• YOUR GOAL
Skip the pictures. Output only the lines below starting at the line with "20111219_vtt_esterel_pistedepastourel" and ending at the line with "黎明脚步山地公园旅行图片 1", both ends included, exactly as they are.

• INFORMATION SUPPLIED
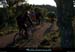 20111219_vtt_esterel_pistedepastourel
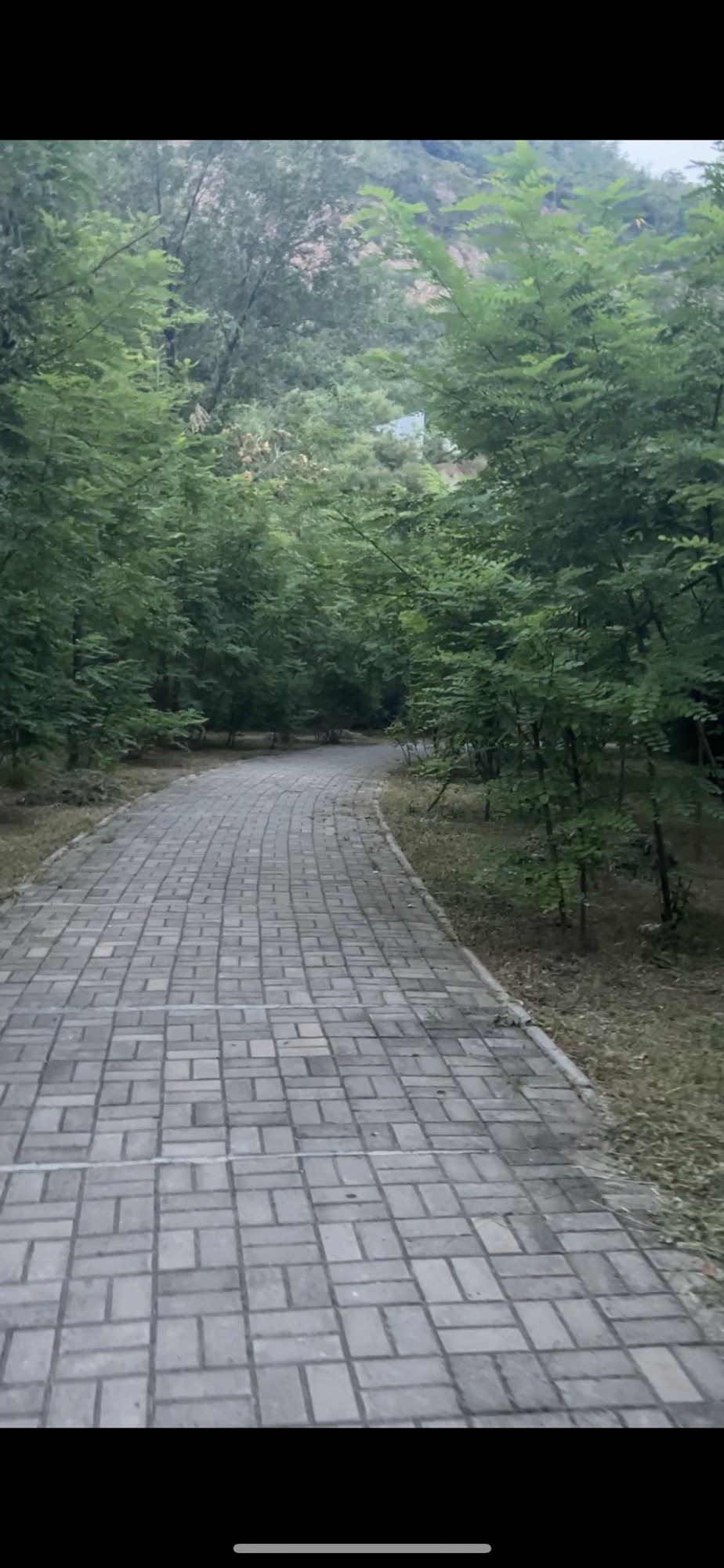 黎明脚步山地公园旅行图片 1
==
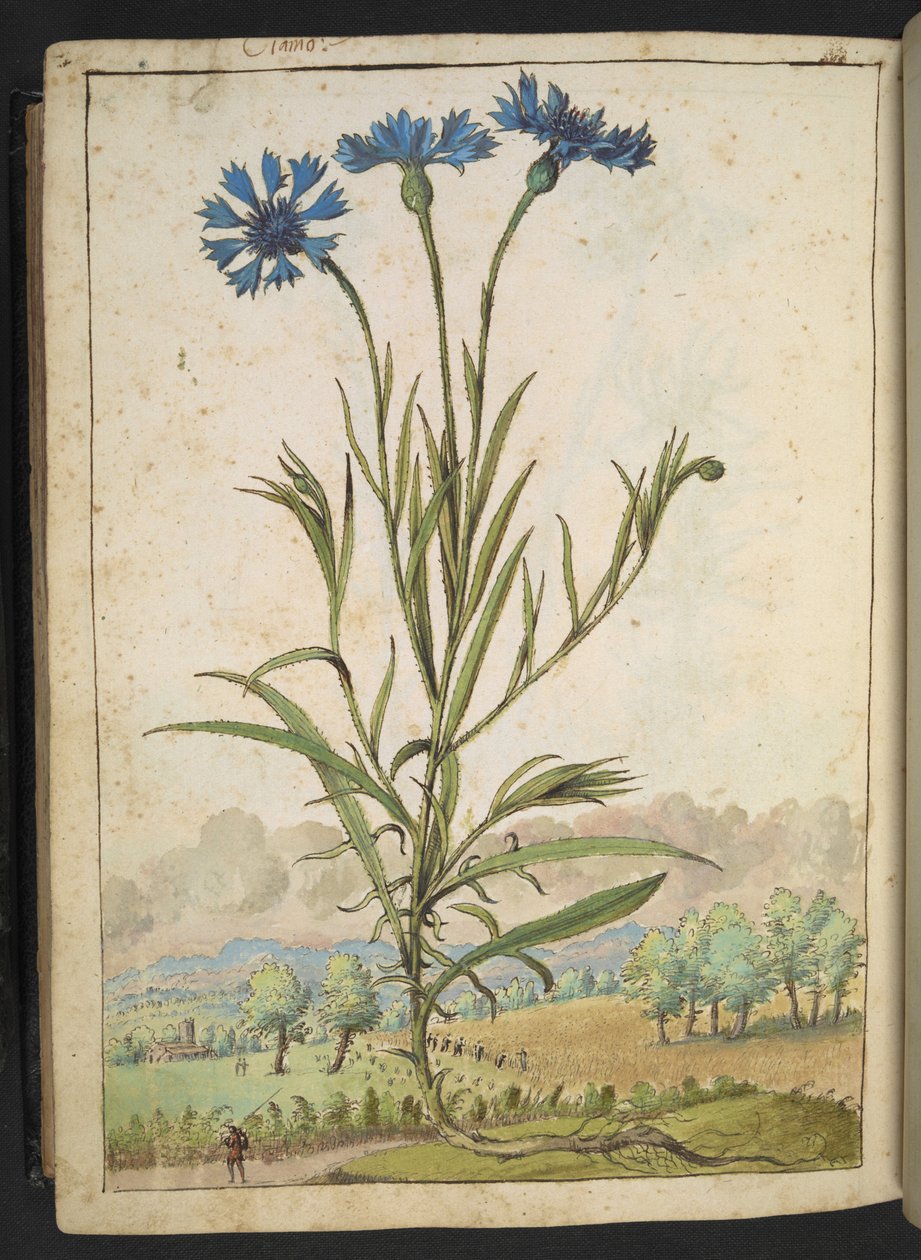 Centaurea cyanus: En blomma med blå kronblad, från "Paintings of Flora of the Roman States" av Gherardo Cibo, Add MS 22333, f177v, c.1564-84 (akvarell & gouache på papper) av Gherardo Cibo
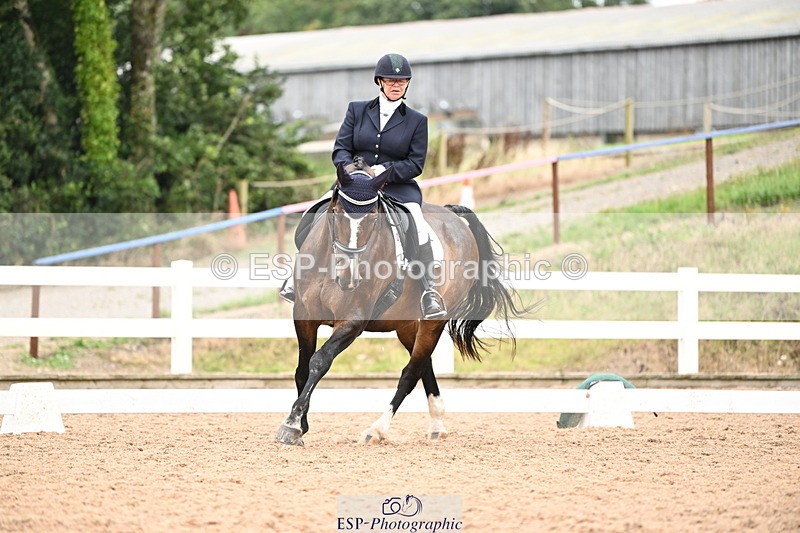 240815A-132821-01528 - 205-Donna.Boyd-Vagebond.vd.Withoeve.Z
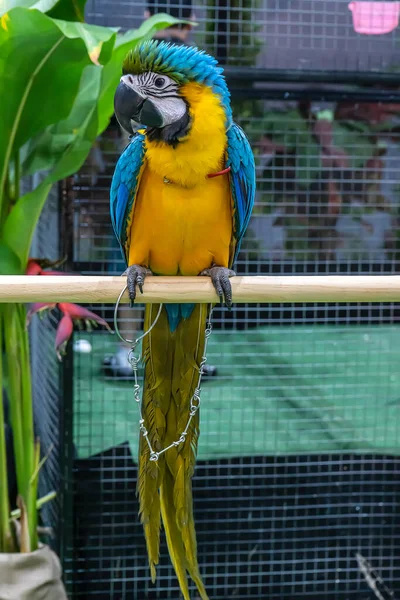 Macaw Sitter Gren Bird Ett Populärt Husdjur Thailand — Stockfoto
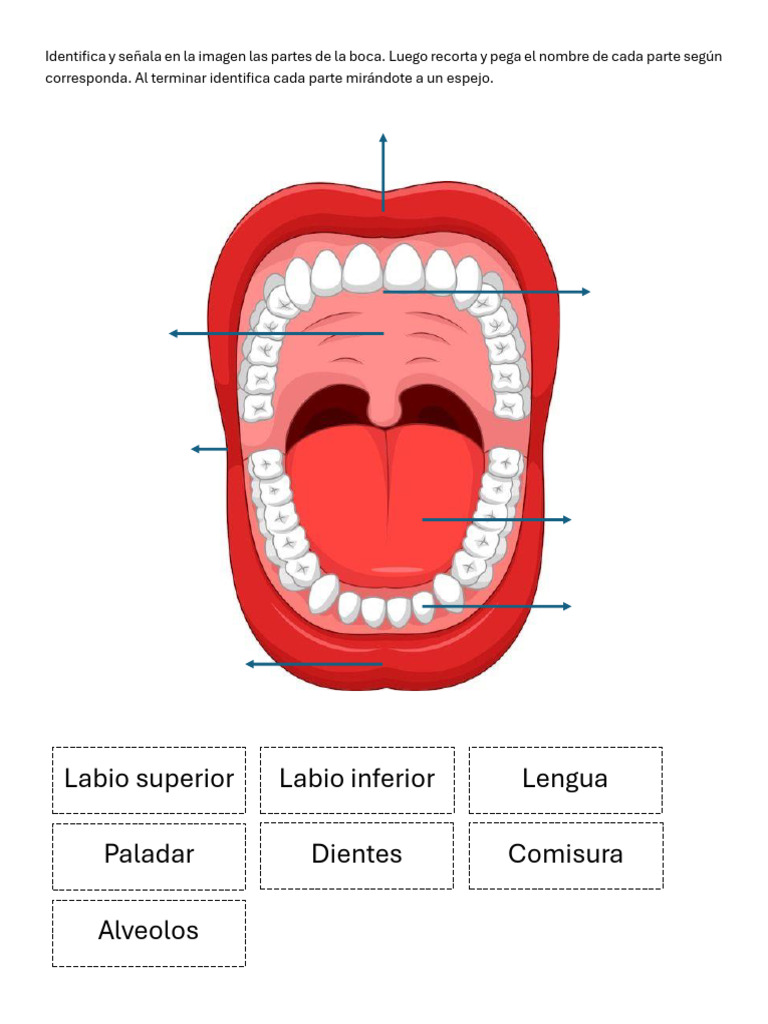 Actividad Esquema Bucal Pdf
--
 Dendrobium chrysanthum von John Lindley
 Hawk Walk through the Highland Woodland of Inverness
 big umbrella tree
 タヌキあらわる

• EXERCISE RESPONSE
 20111219_vtt_esterel_pistedepastourel
 黎明脚步山地公园旅行图片 1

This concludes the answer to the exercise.